DIRECTIONS FOR THIS TASK
For the entries that follow, retype exactly the lines from the one containing "Freshman Priscilla Palermo" to the one containing "Old church religion", inclusive, and only those. Images stay out of the copy.

Records from a data source:
==============================

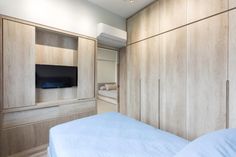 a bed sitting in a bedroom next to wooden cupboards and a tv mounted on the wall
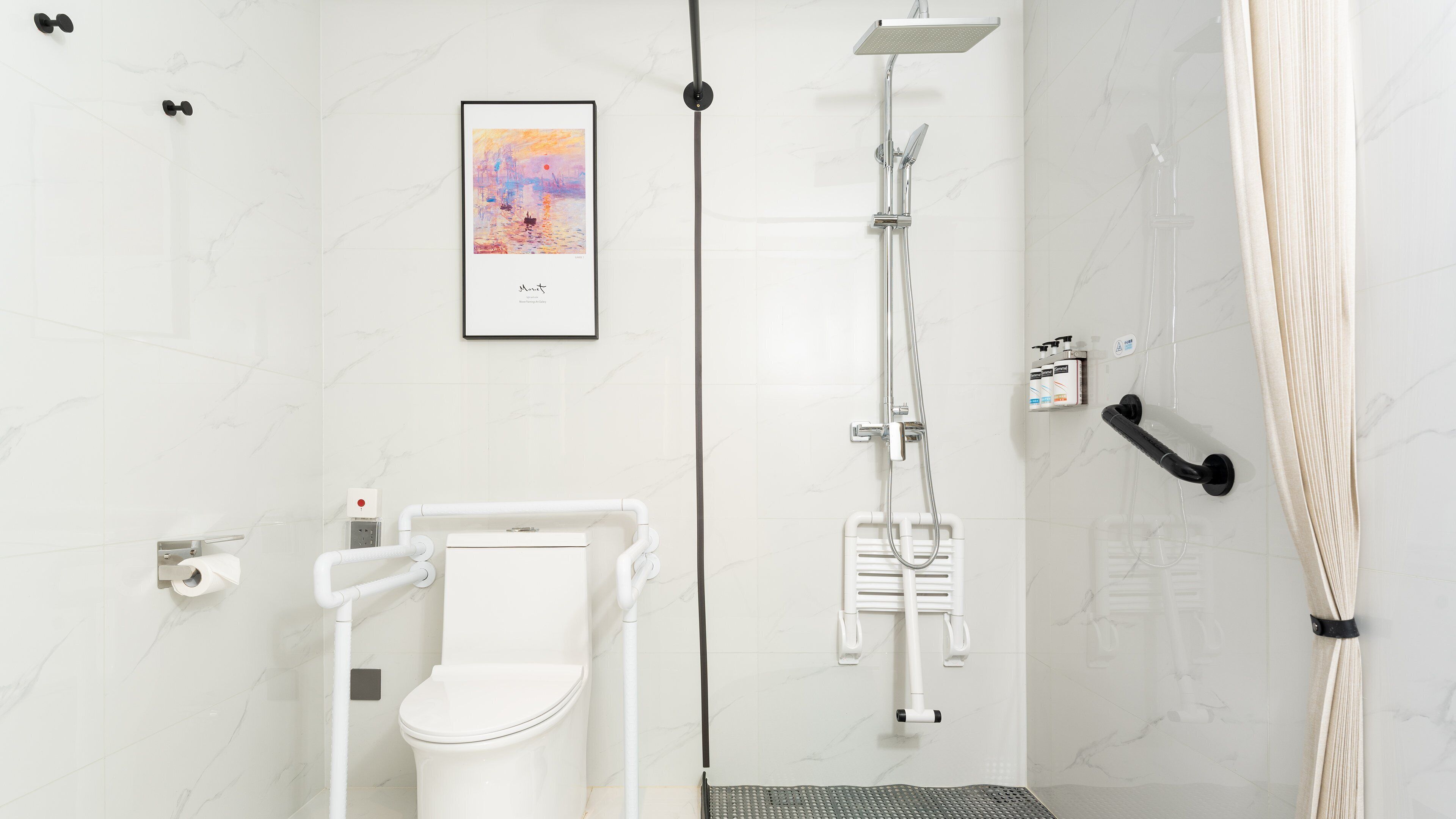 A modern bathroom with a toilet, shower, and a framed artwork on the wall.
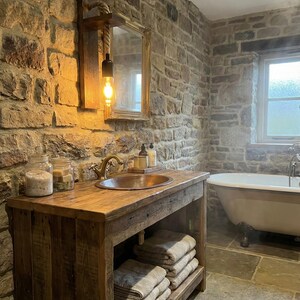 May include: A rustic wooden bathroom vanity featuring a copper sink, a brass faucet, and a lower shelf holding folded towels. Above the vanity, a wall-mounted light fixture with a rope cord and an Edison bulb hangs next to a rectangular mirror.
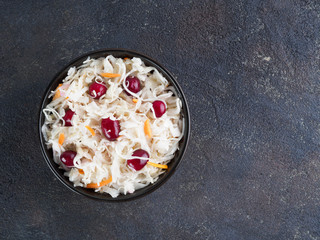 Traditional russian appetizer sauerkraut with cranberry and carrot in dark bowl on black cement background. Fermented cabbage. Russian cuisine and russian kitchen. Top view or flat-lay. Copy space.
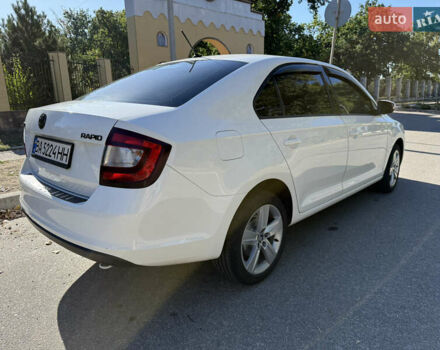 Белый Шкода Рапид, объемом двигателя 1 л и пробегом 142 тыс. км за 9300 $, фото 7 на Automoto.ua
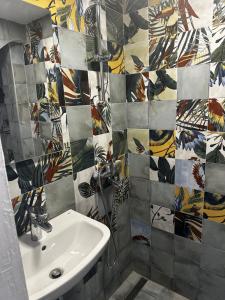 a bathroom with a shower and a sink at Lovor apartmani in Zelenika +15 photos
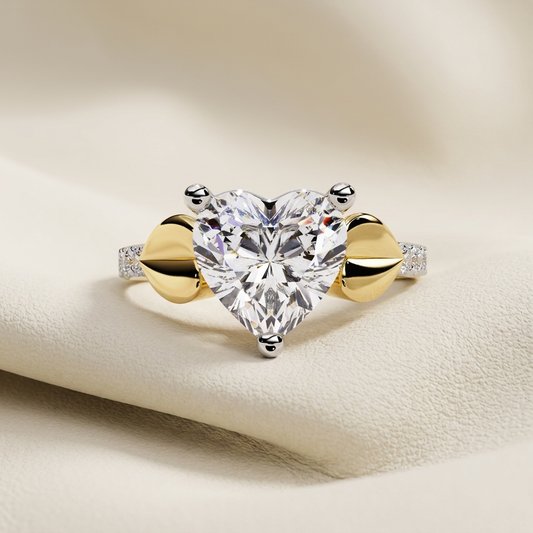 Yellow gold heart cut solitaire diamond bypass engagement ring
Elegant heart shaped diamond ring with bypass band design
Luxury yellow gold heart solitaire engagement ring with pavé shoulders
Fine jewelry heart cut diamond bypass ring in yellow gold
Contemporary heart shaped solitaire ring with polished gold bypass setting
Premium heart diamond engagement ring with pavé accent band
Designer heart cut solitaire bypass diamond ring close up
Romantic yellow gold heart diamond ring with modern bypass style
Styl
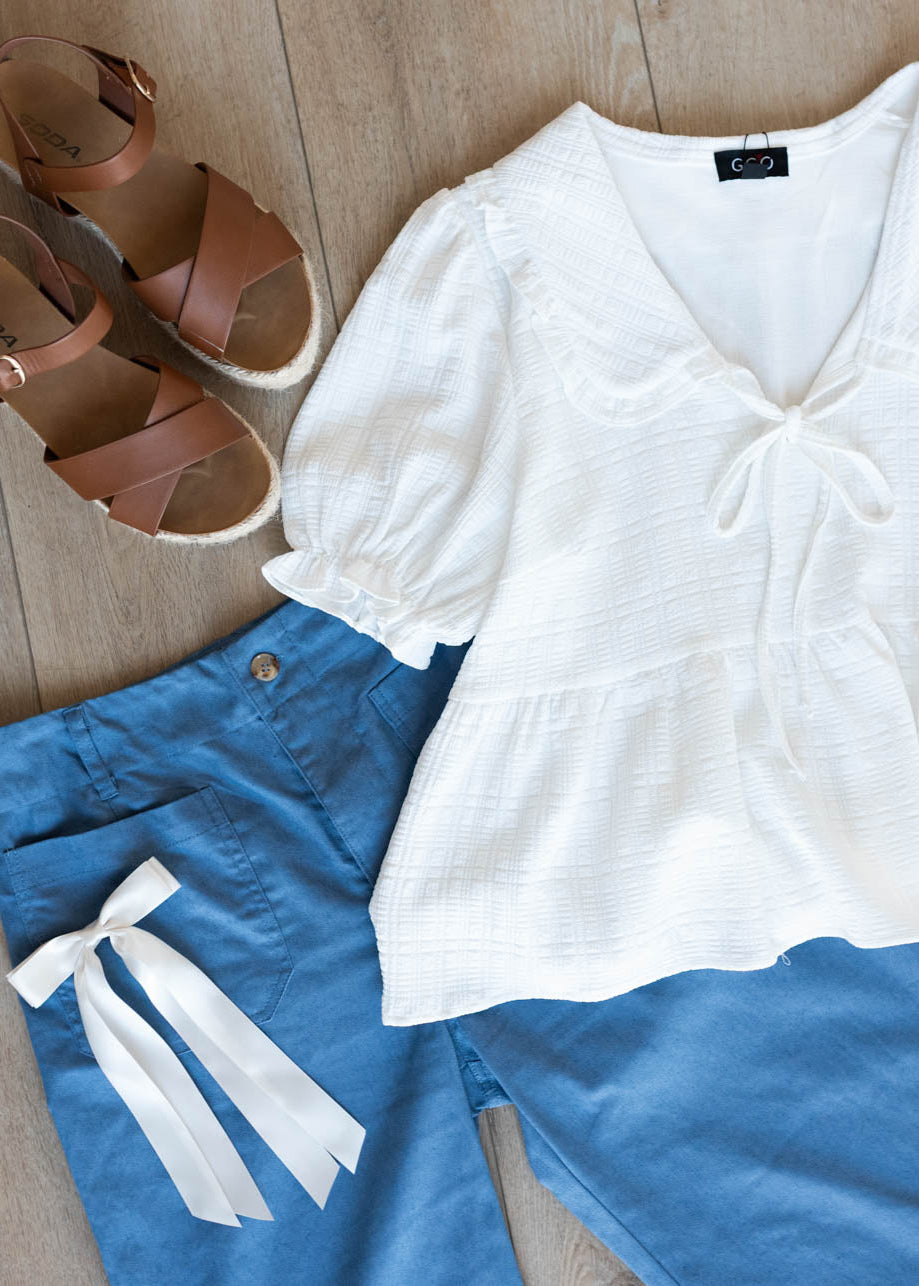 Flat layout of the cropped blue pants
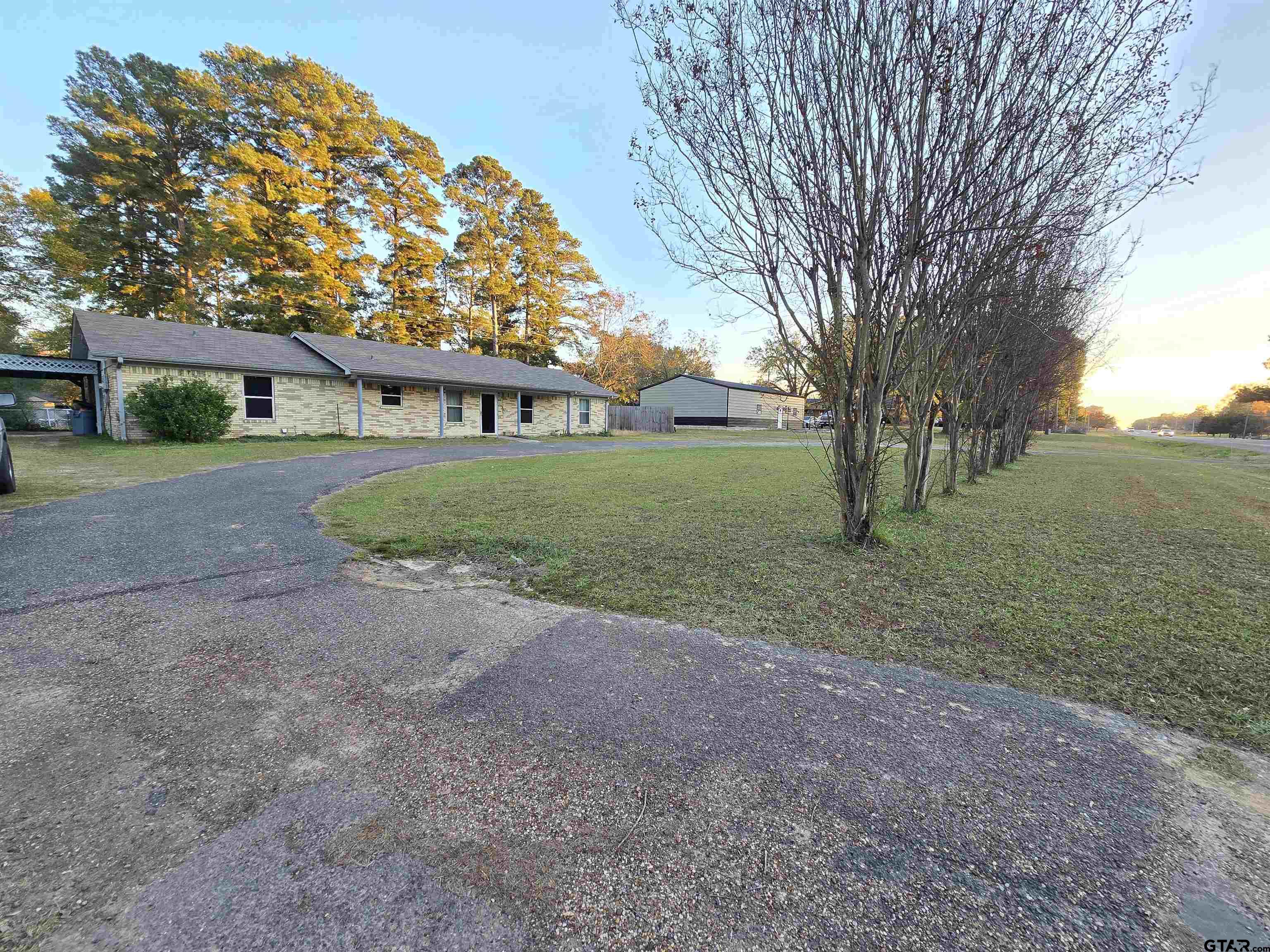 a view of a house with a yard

==============================

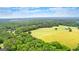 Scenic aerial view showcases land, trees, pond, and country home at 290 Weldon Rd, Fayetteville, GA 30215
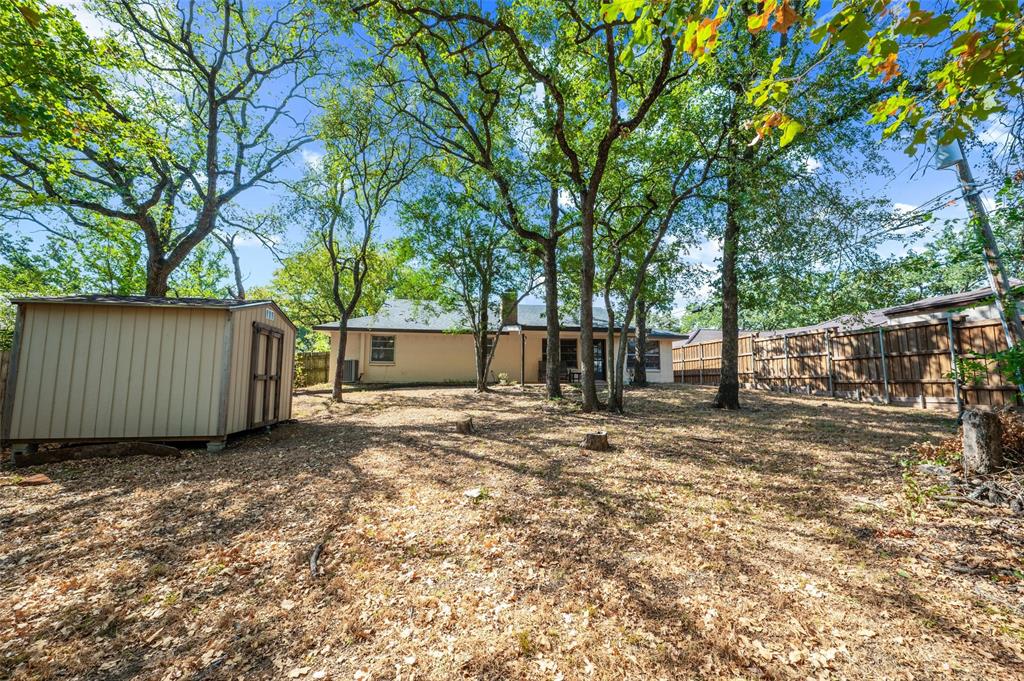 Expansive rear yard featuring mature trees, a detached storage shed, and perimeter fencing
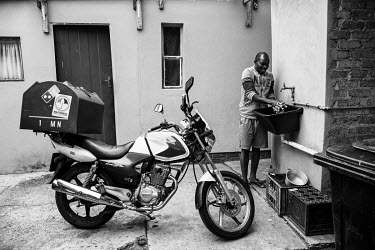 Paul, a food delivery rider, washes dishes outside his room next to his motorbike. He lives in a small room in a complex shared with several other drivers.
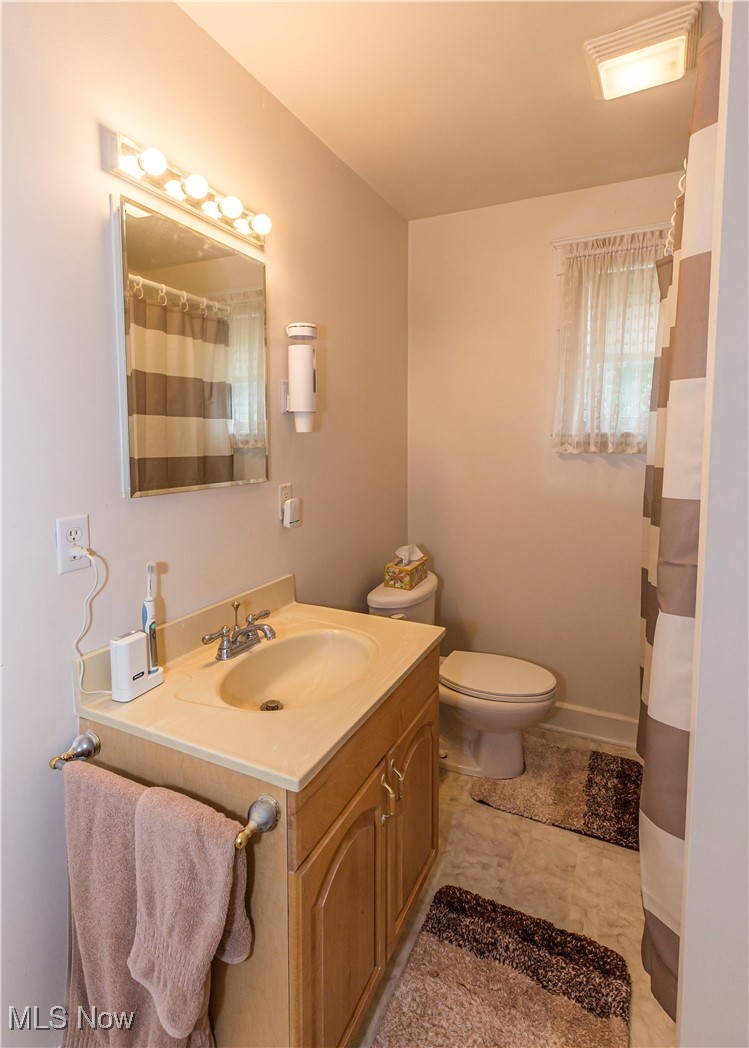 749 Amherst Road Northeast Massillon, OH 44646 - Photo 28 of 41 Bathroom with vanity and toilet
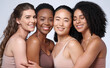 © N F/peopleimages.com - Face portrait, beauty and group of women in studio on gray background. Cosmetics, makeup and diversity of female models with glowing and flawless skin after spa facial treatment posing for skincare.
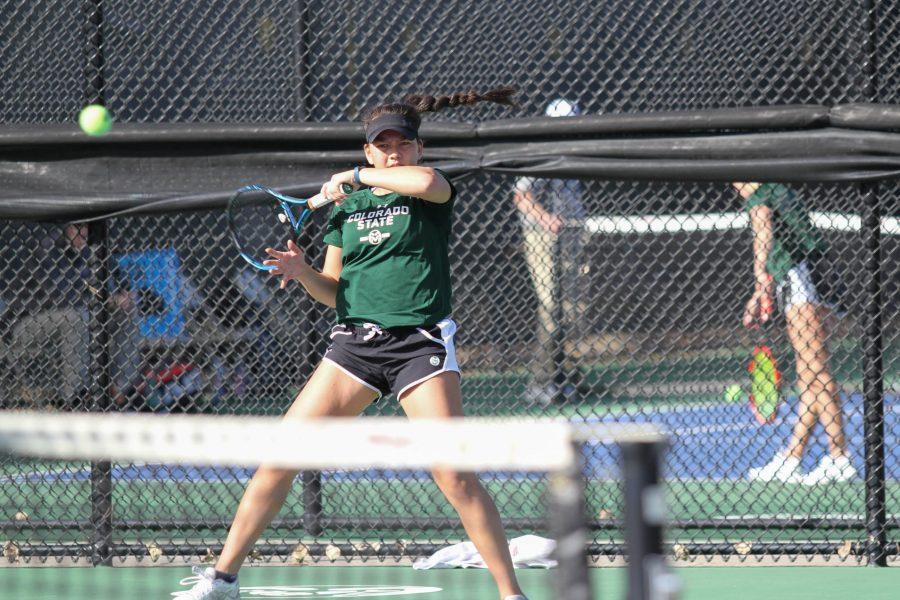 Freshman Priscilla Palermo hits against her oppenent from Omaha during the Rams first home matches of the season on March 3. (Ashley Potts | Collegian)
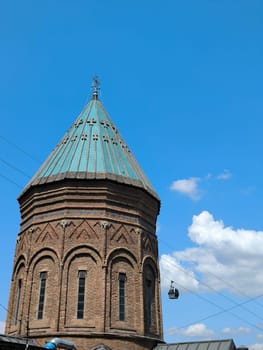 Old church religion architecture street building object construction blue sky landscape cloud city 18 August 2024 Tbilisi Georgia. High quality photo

==============================

YOUR RESPONSE
 Freshman Priscilla Palermo hits against her oppenent from Omaha during the Rams first home matches of the season on March 3. (Ashley Potts | Collegian)
 Old church religion architecture street building object construction blue sky landscape cloud city 18 August 2024 Tbilisi Georgia. High quality photo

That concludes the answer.